• Guest Blog, Claire Barker: What does the future hold for FE recruitment?

    800 450 Jack Wynn

    Further Education (FE) is in the midst of arguably the toughest climate yet; caught between a national recruitment shortage, rising student expectations and increasing costs – exacerbated by self-regulation, funding cuts, changes to Department for Work and Pensions (DWP) work programmes, new legislation such as the apprenticeship levy, a changing political landscape and the impact of regional devolution. One thing is certain – change in the sector is constant and still gathering speed, with FE leaders facing a daunting set of challenges.

    If the balancing act of fulfilling safeguarding obligations with depleting budgets – with area reviews serving as a metaphorical spanner in the works – wasn’t enough of a test for those individuals with people and budget responsibilities, it is the crucial overarching mission of sustaining a viable and adaptable model to power organisational success, that only adds pressure to this.

    The transformation of colleges was much talked about at the recent AoC Conference, and is clearly necessary in the context of ever greater social need, an increasingly competitive marketplace, mergers, federations and so forth. However, the same resounding question on everyone’s lips: who is going to actually do it and how? A well-led HR department should be right at the heart of the transformation, serving as evangelical advocates of change and recognising that people are the greatest resource. However, with this onerous task requiring the full attention and sole focus of HR and hiring managers, when it comes to recruiting, some colleges are often left with little or no time to review their supply cover provision and plan this accordingly.

    With barriers such as declining pay – especially when compared to pay offered by schools – severe shortages in certain specialisms; a lack of understanding when it comes to transitioning trainee teachers into FE; and challenging common misconceptions of the profession, colleges are fighting to win the hearts and minds of their future workforce.
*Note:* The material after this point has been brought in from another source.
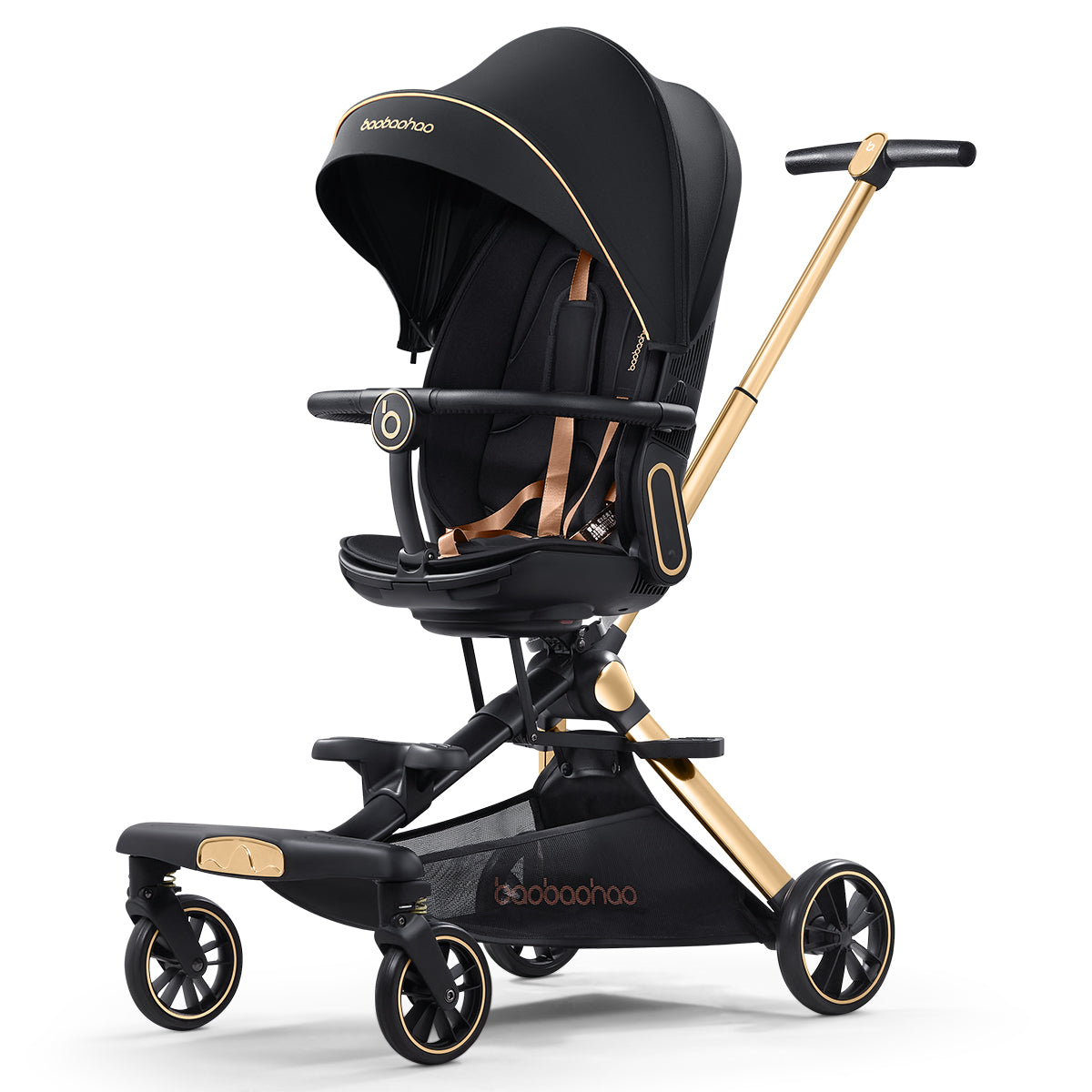 Baobaohao V16max Baby Stroller All Terrain Wheels Trolley 2 Way Magic Stroller Foldable Lightweight Travel Pram for Newborn Kids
    An innovative, technology-driven, self-funded solution is now being adopted by a handful of pioneering colleges, alleviating HR and hiring managers of the burdens often associated with recruitment.  A framework-compliant ‘neutral vendor’ model like de Poel allows colleges to engage with recruitment agencies and manage their supply cover in a more cost-effective and strategic way. This comprises of significant improvements and efficiency savings, streamlined administration, access to an increased talent pool of teaching professionals and recruitment agencies that compete on quality, not price.

    The model works by creating a carefully selected, compliant, agency panel whereby all suppliers agree to standardised terms and conditions and rates. This is supported by a technology platform like de Poel’s e-tips® which locks these rates down, enabling candidate bookings to ordered through the system – a simple, easy and quick way to track and manage the recruitment process.
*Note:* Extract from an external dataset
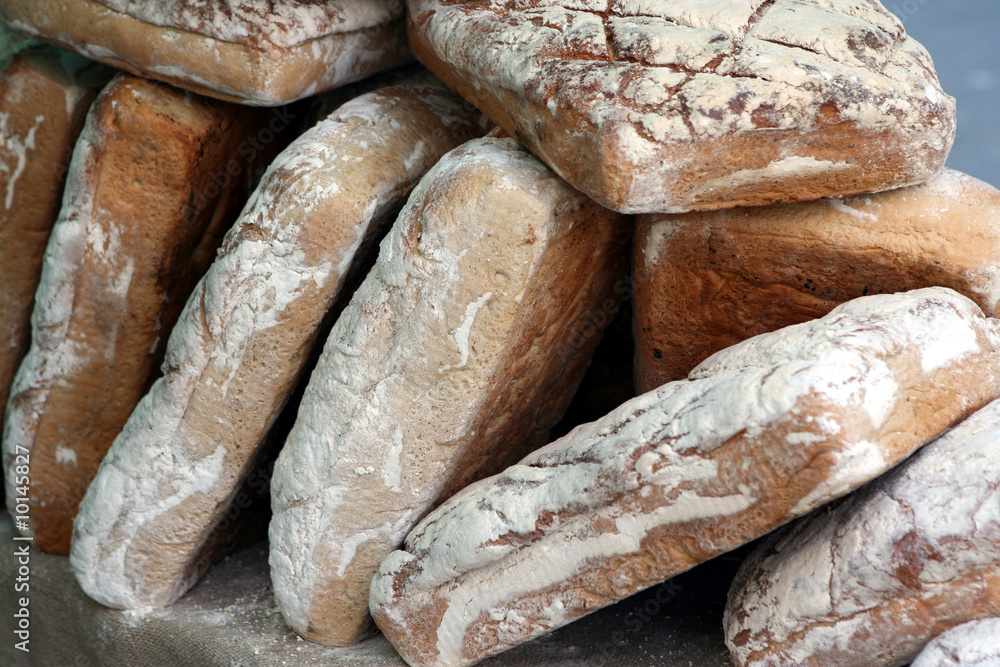 big loafs of traditional bread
    Importantly, the right neutral vendor solution will offer all of the above, whilst still championing fair pay for teachers and ensuring all supplying agencies support candidates on a programme of Continuous Professional Development (CPD), specifically related to delivering supply in colleges.

    With 15,000 less teachers since 2009, now is a critical time for FE to further get to grips with recruitment. Colleges are increasingly looking to their counterparts in the temporary supply recruitment space, as means to procuring a cost-effective, engaged workforce, able to expand and contract concurrently with the ebb and flow of the academic calendar and their own specific requirements.

    Whilst there is no overnight solution, a neutral vendor model can alleviate the pressures of recruitment by working collaboratively with colleges to help them realise significant improvements and efficiencies within just three to six months. Typical savings of up to 15 per cent within supply staffing agency spend are not uncommon with suppliers working to transparent KPIs and toward a common goal, channeled through an independent intermediary focused solely on the college’s best interests – one less thing to keep busy FE leaders awake at night.